The IRS allows individuals who have a conventional qualified retirement plan (e.g., 401(k), 403(b) or IRA) to utilize their retirement funds for acquiring a Qualified Longevity Annuity Contract (QLAC); however, the purchase limit is capped at $200,000.

Is An Annuity Right For You?

Our short quiz provides clarity on whether an annuity is a smart choice for your retirement portfolio.

Frequently Asked Questions About Annuities and Traditional IRAs

What are the various types of annuities?

At a high level, there are three types of annuities – fixed, indexed and variable. Fixed annuities are the safest type of instrument, offering a guaranteed rate of interest. Indexed annuities are a little riskier, with fluctuating returns and downside protection. Variable annuities are the riskiest type of annuity, because they entail investment positions in volatile assets, such as stocks and bonds. 

Is an annuity a good investment for me?

Investing in an annuity is a highly personal decision that depends on your investment objectives and tolerance for risk. Generally, annuities are sensible for conservative investors that have ample near-term liquidity and want to create a hands-off stream of income in retirement. 

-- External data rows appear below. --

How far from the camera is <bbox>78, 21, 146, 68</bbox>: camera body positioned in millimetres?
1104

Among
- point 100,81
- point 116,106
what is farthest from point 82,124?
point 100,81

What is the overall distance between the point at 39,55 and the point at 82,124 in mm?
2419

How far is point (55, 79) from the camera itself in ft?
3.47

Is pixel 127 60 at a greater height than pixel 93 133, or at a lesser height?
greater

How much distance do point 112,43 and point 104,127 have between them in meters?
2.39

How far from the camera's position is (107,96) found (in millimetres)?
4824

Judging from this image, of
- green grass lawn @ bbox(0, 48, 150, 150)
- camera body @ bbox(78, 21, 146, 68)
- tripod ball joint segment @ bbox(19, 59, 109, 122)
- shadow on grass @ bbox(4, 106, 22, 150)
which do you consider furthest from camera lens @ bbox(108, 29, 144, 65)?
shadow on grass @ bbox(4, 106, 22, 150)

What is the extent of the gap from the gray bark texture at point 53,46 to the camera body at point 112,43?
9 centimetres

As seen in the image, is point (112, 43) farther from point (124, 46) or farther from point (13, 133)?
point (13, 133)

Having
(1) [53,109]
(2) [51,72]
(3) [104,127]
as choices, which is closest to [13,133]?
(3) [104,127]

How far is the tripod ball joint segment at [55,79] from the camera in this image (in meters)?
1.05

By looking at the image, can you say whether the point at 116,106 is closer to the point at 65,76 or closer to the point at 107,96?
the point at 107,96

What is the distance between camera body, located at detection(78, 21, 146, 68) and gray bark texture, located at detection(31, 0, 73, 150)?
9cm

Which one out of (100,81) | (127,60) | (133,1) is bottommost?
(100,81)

Is a traditional IRA an investment?

An IRA is not an investment. Rather, it is a tax-advantaged retirement account that houses various types of assets, including stocks, bonds, fund-style vehicles and annuities.

What are the annual contribution and deduction limits for a traditional IRA?

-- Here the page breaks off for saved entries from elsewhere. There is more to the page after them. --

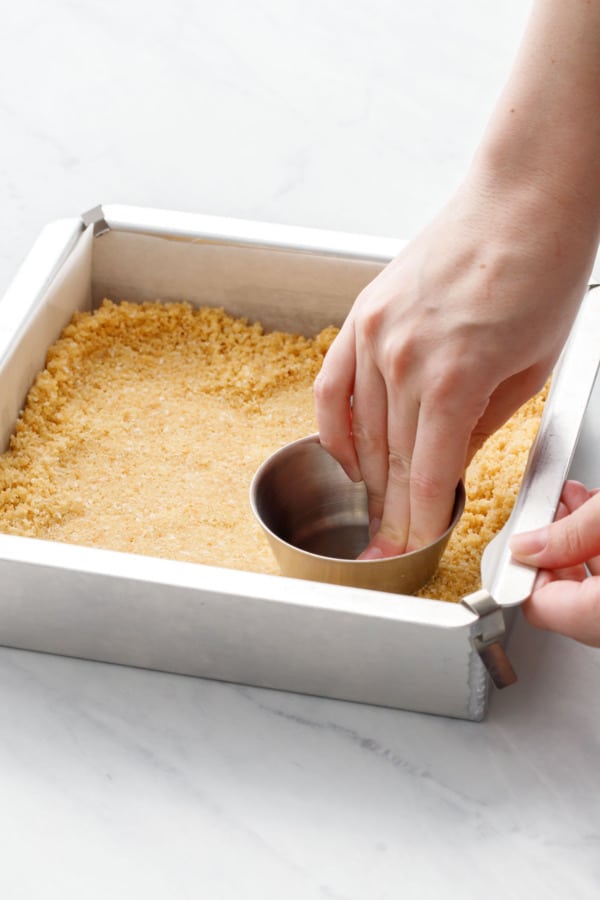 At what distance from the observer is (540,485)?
89 cm

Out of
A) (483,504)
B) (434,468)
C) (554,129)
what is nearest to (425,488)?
(434,468)

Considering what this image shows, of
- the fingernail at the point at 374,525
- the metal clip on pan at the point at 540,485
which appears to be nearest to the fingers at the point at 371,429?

According to the IRS, the annual contribution limit for traditional IRAs for the 2024 tax year is the lesser of the following amounts:

• $7,000 ($8,000 if you are age 50 or older)

• Taxable earned income for the year

Additionally, the deductibility of your traditional IRA contributions depends on whether you and your spouse participate in work-sponsored retirement plans and how much income each of you earn. Deductibility can be completely phased out for high-income earners that have access to work-sponsored plans.

What is a Roth IRA?

A Roth IRA is a unique type of tax-advantaged retirement account. It provides the potential for tax-exempt growth of savings, but, unlike a traditional IRA, does not provide any upfront tax deductions.

In retirement, as you withdraw money from a Roth IRA, income taxes are never levied. This contrasts with the fully taxable nature of withdrawals from a traditional IRA.

Please seek the advice of a qualified professional before making financial decisions.